# Releases- Thumb or index finger



## Unk Bond (Aug 1, 2004)

Hello
For me and if i had it to do over.And the type releases we have now,had been available
The hand held hinge head release for targets.
The index finger for hunting.And since you say you will be stalking.I would suggest the wrist strap index finger release.
Later


----------



## urabus (May 22, 2006)

both index finger and thumb release can be shot with back-tension.
for hunting go with the index finger release. :darkbeer:


----------



## Matatazela (Mar 1, 2005)

Finger for sure.

Don't try and save a little bit here - go for a Scott or similar! I have been more than happy with my Scott, and would recommend it to anyone. 

The Rhino / Silverhorn hooks onto the D-loop from one side only, making it a bit quicker and easier than a caliper release. It is as good in terms of a crisp release as any customised Colt .45 racegun...


----------



## Bushkey (Mar 17, 2006)

Finger release. I have noticed at the competitions I go to that the majority of triggers used is of this type. Like you saw I went to the PSE Training School this weekend. There I met some of the countries best archers. People with World titles, South African Records etc behind there names, and they all shoot finger releases. Makes you think?


----------



## Bee (Sep 17, 2007)

index finger release is much better for hunting.
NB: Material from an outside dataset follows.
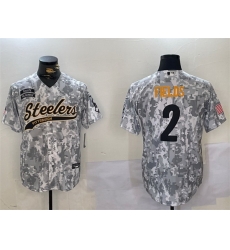 Men Pittsburgh Steelers 2 Justin Fields 2024 Arctic Camo Salute To Service Stitched Baseball Jersey Men Pittsburgh Steelers 2 Justin Fields 2024 Arctic Camo Salute To Service Stitched Baseball Jersey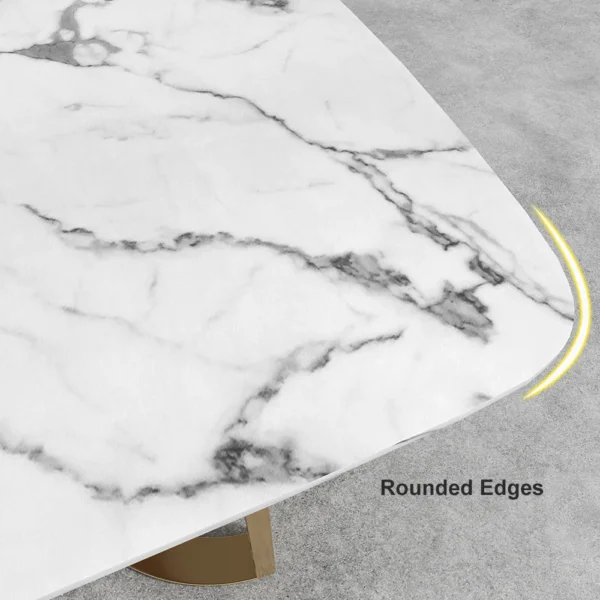 Faux Marble Dining Room Table for 4-6 Person White Rectangular Top in Gold - Image 11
i have all ways used a finger release with wrist strap and i think unless u shoot compo's stick with the finger

keep shooting


----------



## Hungry Lion (Oct 25, 2007)

Here is the best advice you will ever get. Shoot whatever you like and what you are most comfotable with.
Shoot a release WITH NO TRAVEL! Index finger releases without travel are few, but the Carter releases are awesome. They make both index and Thumb releases. As Urabus said, both index and thumb can be shot with back tension. Get correct advice from the right people to get this done and how it works. Stefan VD Linde is great on index finger and Wesley and Seppie is great on Thumb. The principle is the same on both, but you need to know how it works. Bushkey, the worlds best archers shoot with thumb releases, and yes, the local boys shoot index. A quick fact, the index finger has 10x quicker response than the thumb. So if you wat to punch every now and then, the index finger is the way to go. For myself, Carter hand held releases for target and Index for Hunting. Just no travel!! Magnum archery stocks carter products, the few shops that do...

Gert


----------



## ASG (Jun 25, 2007)

In the bad old days when I still did some 3D I tried thumb releases.
I lost 2 chocolate addictions and I've never used them again.


----------



## Bushcat (Aug 31, 2007)

Thanks Men 

I looked at Scott archery website and they had a pro tips section, in there the pro liked the 'Scott silverhorn' which is a finger release and it hooks in to the D loop from one side. The pro liked this the best so that is what I will order. 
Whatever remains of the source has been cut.